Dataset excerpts
☆ ☆ ☆ ☆

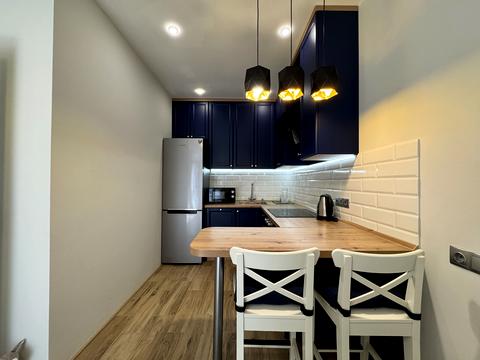 квартира по адресу Тадея Рыльского бульв., 1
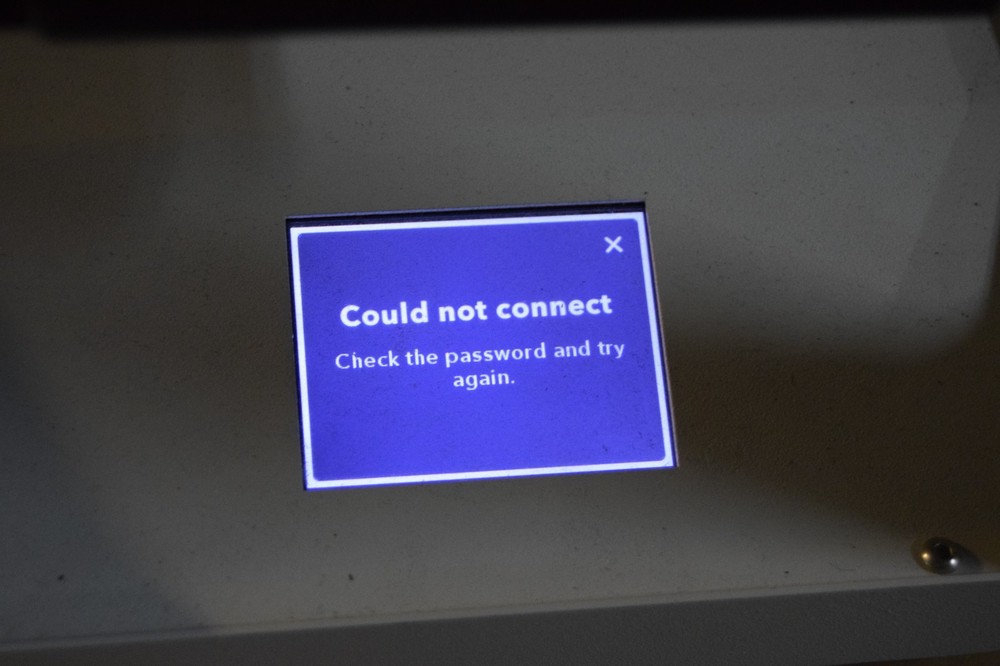 Toybox Labs Alpha Beginner 3D Printer with Power Supply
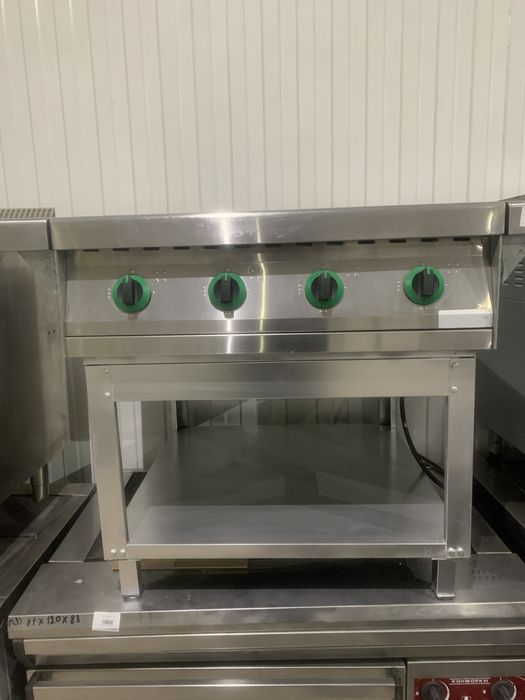 Плита 4 канфорная б/у!!!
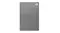 Seagate One Touch Portable 5TB Hard Drive - Space Grey Seagate One Touch Portable 5TB Hard Drive - Space Grey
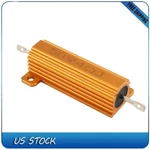 Voltage Step Down Resistor, 12-6 Vintage Car Drop Reducer. Fixed Price $16.89.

☆ ☆ ☆ ☆

■ **Try it**:
Each entry should be repeated exactly as it appears; the pictures stay out.

■ **Answer for the task**:
 квартира по адресу Тадея Рыльского бульв., 1
 Toybox Labs Alpha Beginner 3D Printer with Power Supply
 Плита 4 канфорная б/у!!!
 Seagate One Touch Portable 5TB Hard Drive - Space Grey Seagate One Touch Portable 5TB Hard Drive - Space Grey
 Voltage Step Down Resistor, 12-6 Vintage Car Drop Reducer. Fixed Price $16.89.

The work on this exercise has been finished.